Don't know anything about them but per my calculations they are taking 27.2% of the capital appreciation on the New Braunfels deal at the end per their projections which seem optimistic in this oversupplied environment, (Austin MSA with largest new multi-family projects coming out this year in the country ,8% of total existing stock and already seeing rent rate declines of near 10%in the city so far) and they are taking a big chunk of the monthly cash on cash as the preferred payouts for their 3 different classes are well below the projected cash on cash total. (They concentrate/force the equity into their class B shares 13/18 million so they get 72% of the future capital appreciation at the higher 30% cut,
versus 5/18mil at the lower 20% rate) They also seem to be overpaying in this downward trending multi-family environment. Also, per their numbers they are buying for 37 mil, debt 24 mil, equity 20 mil, 44mil minus 37 price = 7 million in closing costs, which is 35% of the total equity, RE commissions of say 4% total 1.5 mil so they are taking 5.5 million in fees up front as well minus the inspections/loan fees etc. They appear to be really soaking their unsophisticated investors, my guess they focus on doctors, and it's a risky place and time to be buying too. good luck
4/18/24 update, i don't mean to dump on them, Viking Capital LLC. I just think now may not be the best time to buy multi-family in formerly Hot markets, like Austin MSA, that are clearly going down in price. Austin Rent rates also down 6% per Yardi-Matrix data, from 1 yr ago.

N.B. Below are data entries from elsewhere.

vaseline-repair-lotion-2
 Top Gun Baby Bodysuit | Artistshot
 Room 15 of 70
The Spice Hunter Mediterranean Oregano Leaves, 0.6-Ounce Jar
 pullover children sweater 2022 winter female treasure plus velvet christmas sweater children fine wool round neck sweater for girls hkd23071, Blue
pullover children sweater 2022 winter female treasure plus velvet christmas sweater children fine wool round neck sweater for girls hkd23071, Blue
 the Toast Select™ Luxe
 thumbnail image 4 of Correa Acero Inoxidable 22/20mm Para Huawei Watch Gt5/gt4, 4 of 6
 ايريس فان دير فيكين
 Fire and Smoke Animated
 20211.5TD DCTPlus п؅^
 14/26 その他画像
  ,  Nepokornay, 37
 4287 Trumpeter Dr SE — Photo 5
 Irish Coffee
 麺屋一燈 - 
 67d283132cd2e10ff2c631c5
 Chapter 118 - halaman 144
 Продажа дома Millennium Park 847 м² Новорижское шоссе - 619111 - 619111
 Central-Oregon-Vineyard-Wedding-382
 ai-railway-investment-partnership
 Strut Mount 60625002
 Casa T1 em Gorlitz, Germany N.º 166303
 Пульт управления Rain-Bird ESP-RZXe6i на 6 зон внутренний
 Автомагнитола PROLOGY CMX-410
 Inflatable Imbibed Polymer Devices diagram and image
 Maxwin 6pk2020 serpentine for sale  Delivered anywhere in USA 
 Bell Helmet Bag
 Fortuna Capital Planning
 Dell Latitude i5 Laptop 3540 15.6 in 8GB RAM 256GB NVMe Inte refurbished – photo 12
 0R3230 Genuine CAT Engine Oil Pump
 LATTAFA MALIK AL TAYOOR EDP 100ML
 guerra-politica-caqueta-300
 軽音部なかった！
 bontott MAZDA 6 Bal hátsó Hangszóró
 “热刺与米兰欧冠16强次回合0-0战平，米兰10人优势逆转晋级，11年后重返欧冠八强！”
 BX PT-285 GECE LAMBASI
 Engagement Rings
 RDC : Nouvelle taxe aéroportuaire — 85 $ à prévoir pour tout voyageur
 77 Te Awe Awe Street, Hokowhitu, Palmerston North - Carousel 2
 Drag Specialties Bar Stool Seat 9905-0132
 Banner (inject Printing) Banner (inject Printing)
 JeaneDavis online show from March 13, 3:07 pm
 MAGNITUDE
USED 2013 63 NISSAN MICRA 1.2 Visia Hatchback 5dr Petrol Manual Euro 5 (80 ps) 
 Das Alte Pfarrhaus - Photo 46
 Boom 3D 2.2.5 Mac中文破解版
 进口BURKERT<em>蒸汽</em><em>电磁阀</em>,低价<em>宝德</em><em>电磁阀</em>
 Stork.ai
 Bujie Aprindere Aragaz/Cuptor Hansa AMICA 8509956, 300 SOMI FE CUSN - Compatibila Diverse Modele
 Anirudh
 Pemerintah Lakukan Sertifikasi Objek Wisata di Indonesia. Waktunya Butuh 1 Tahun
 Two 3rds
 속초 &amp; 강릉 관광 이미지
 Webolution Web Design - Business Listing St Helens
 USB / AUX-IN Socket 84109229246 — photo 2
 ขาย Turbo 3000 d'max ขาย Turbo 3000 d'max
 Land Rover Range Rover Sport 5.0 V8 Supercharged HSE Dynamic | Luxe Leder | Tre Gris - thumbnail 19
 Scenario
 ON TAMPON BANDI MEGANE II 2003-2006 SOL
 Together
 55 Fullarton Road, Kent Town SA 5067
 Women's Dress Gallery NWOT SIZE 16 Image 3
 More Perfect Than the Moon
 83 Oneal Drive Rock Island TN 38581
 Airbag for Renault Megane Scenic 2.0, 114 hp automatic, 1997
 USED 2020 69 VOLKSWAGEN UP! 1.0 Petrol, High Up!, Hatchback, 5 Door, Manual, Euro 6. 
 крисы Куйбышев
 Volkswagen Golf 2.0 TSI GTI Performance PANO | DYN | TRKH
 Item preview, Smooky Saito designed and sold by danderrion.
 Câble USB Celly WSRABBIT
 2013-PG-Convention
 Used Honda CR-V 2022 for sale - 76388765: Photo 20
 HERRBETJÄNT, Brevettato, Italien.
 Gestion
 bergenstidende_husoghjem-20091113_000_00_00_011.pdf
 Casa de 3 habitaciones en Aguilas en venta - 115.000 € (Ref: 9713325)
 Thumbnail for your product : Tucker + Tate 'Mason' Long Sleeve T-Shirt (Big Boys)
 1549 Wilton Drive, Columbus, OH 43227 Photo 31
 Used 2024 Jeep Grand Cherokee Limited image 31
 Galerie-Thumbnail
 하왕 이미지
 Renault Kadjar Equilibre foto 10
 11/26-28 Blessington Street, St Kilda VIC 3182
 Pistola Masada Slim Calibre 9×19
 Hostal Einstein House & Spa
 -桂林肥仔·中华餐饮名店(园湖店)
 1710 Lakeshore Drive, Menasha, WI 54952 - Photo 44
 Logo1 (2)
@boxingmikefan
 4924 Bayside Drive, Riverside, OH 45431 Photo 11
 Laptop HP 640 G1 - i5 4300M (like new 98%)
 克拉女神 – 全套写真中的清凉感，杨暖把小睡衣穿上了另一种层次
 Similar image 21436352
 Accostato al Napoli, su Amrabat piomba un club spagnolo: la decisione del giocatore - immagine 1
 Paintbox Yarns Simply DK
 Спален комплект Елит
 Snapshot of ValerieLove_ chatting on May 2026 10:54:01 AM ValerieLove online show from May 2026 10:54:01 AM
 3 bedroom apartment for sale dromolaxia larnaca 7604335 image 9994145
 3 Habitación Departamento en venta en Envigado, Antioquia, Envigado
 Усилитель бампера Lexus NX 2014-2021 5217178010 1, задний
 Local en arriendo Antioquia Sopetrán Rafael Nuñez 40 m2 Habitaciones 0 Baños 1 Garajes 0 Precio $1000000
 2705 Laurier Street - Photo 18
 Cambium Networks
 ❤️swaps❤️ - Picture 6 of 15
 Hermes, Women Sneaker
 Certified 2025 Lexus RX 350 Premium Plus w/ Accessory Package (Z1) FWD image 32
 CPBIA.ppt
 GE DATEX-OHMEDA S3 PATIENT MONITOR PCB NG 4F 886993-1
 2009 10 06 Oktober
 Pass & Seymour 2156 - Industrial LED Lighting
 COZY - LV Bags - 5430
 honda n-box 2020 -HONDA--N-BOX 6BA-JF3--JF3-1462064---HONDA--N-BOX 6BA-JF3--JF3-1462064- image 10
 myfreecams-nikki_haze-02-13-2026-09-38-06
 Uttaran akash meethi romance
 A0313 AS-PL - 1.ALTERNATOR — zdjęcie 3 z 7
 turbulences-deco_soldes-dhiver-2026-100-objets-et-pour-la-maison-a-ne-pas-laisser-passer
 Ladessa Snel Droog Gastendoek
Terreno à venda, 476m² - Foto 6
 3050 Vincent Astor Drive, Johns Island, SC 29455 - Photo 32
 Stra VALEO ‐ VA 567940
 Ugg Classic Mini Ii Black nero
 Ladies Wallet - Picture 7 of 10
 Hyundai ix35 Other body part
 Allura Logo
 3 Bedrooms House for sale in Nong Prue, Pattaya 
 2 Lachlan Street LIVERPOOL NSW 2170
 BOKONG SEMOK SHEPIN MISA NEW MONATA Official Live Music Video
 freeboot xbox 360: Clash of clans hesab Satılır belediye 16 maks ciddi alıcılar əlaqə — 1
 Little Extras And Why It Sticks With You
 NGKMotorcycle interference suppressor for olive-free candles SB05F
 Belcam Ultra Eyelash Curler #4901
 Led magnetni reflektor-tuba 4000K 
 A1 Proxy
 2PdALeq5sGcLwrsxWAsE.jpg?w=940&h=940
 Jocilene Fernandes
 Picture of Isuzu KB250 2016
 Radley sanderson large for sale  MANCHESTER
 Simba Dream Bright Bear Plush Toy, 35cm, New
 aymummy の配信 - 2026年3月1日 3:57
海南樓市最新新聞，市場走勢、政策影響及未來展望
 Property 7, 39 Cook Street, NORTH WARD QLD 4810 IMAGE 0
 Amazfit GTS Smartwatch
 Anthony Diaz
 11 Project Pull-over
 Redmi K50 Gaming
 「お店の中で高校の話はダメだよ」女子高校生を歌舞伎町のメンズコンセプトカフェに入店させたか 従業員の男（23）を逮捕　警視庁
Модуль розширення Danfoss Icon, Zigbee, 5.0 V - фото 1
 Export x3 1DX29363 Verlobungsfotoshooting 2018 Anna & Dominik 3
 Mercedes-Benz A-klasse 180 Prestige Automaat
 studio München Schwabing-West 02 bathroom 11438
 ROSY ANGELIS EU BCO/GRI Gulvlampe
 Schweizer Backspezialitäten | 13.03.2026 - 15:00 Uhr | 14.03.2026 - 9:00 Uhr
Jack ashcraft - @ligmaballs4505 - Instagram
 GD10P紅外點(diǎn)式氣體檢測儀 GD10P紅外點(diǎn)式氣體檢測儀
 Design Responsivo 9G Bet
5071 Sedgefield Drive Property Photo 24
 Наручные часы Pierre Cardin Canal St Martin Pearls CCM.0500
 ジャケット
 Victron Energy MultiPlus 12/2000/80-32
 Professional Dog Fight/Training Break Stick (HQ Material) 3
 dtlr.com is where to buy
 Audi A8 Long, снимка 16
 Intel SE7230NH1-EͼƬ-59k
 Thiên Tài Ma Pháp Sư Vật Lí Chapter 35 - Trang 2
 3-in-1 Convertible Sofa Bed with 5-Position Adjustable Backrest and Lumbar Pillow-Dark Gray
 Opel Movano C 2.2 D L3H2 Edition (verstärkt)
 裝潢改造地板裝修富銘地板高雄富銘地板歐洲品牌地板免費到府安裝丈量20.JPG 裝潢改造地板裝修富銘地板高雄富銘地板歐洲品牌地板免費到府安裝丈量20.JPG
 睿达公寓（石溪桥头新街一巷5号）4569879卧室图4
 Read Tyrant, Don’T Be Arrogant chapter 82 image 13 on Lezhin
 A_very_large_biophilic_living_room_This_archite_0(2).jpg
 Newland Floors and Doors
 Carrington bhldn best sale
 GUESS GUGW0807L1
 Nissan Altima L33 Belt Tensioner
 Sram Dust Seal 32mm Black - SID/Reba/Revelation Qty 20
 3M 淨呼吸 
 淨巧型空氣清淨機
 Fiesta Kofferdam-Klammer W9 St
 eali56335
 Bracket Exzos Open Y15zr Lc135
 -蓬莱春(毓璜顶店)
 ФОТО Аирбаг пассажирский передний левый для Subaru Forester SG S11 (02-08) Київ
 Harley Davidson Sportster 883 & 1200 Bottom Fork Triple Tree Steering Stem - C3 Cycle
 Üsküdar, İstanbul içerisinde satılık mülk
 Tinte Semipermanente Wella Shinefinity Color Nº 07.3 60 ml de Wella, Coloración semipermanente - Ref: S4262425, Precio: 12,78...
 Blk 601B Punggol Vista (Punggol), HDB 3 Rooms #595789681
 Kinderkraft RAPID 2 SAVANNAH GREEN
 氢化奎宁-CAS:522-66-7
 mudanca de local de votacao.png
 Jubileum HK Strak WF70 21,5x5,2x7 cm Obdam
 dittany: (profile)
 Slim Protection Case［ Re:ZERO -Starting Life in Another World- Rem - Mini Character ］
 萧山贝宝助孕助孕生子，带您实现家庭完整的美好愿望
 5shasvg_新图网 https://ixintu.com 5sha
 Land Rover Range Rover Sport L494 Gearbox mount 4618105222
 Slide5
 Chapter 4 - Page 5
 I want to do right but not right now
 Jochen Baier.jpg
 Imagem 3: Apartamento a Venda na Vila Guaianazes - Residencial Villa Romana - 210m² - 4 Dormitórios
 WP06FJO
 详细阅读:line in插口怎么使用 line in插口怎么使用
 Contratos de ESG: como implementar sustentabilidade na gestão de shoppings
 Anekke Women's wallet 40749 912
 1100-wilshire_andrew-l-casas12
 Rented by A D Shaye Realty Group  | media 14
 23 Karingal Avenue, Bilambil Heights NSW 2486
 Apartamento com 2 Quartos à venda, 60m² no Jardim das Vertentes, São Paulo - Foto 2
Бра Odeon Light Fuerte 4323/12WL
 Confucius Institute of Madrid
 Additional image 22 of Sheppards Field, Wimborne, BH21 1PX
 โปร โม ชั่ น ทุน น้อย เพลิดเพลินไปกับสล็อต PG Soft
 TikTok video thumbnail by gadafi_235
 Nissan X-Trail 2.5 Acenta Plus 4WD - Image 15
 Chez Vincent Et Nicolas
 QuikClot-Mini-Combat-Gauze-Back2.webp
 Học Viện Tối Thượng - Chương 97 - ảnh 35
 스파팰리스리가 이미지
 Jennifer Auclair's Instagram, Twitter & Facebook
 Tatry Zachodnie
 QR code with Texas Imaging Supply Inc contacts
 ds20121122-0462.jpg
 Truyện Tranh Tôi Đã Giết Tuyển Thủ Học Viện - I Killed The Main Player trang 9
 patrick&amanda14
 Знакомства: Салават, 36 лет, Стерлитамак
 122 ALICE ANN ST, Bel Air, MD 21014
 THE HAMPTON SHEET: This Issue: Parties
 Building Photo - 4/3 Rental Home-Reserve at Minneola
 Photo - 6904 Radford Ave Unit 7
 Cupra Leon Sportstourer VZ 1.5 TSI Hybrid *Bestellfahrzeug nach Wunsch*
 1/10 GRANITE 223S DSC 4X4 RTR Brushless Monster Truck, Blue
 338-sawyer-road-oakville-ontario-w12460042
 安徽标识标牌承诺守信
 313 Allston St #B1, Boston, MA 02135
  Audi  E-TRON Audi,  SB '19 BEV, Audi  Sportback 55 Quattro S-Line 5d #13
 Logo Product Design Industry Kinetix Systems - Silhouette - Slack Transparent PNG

Their slide deck, 85 pages is on their website, They believe that they will increase the properties NOI by 45% over 5 yr hold, mostly through rent increases after doing 5K interior upgrades in all 252 units, thus adding 19 million to value of property. They are buying at a 5 % cap rate with a fixed 5.7% loan amortized at 30yrs and first 2 yrs interest only, and they believe that they will sell at a 5% cap rate as well 5 long years from now. I don't know about this cap rate projection, at least in CRe-Retail we project out a 10 basis point rise in cap rate for each year the property ages, so the Cap rate may be 5.5% assuming interest rates don't budge, (probably heading higher as US Govt has to deleverage its last 40yr debt run-up, like we did between '45 and '82, and we did again btwn 1899-1920, same 30-40 pattern going back to mid-1800s)
I watched all their videos/podcasts/available webinars. They are very well organized and very professional, and their reported past results are exceedingly good at 24% avg annual return, but that was then (lowest interest rates in 90 years, CAP rates compressed from 8 to 3) and now is now.
But no one Knows Nothing, so they could knock it out of the park, or slow bleed money for years.